I like playing games and I especially like winning the games I play. My newest and favorite game (which my family calls an addiction) is geocaching because it tests many of my skills — planning, persistence, endurance, attention to detail and data gathering. It’s a total mental and physical game experience. Other players call geocaching a sport, hobby, game or past-time. All descriptors accurately define this world-wide phenomenon, but when the scope is this broad, how do you win the game?
There are few rules for how to play and no guidelines for how to win. The player rules are simple:
- If you take something from the cache, leave something of equal or greater value.
- Log your find in the cache logbook.
- Log your experience on the geocaching website.
So, I know how to play the game, but don’t know how to win. I noticed players establish their own goals.

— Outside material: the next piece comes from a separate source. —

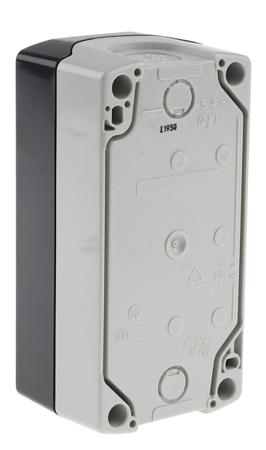 XALD324 Schneider Electric Harmony XALD NO Enclosed Push Button, IP66, IP67, IP69, IP69K 62mm Dark Grey/Light Grey Polycarbonate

For some it’s collecting or hiding caches, for others it’s visiting many sites and locations, for another it’s participating in organized caching competitions. The measurements players use to gauge their game success is endless. The only constant is logging finds. I haven’t established my personal goal, but there’s something addictive about logging a new find and adding another smiley face to your profile in route to some virtual trophy. When I log a find, the website awards me another smiley and updates my geocache stats like this:
This banner updates each time I log a new find. Today, it reads Found: 13 / Hidden: 0, but that number will change weekly for as long as I play the game. After playing for three weeks, I learned I like the journey, search, discovery and find! I’m slowly learning how to play, but I still don’t know how to win. Maybe it’s simpler than winning or losing. In fact, maybe geocaching is like life. You win by playing the game.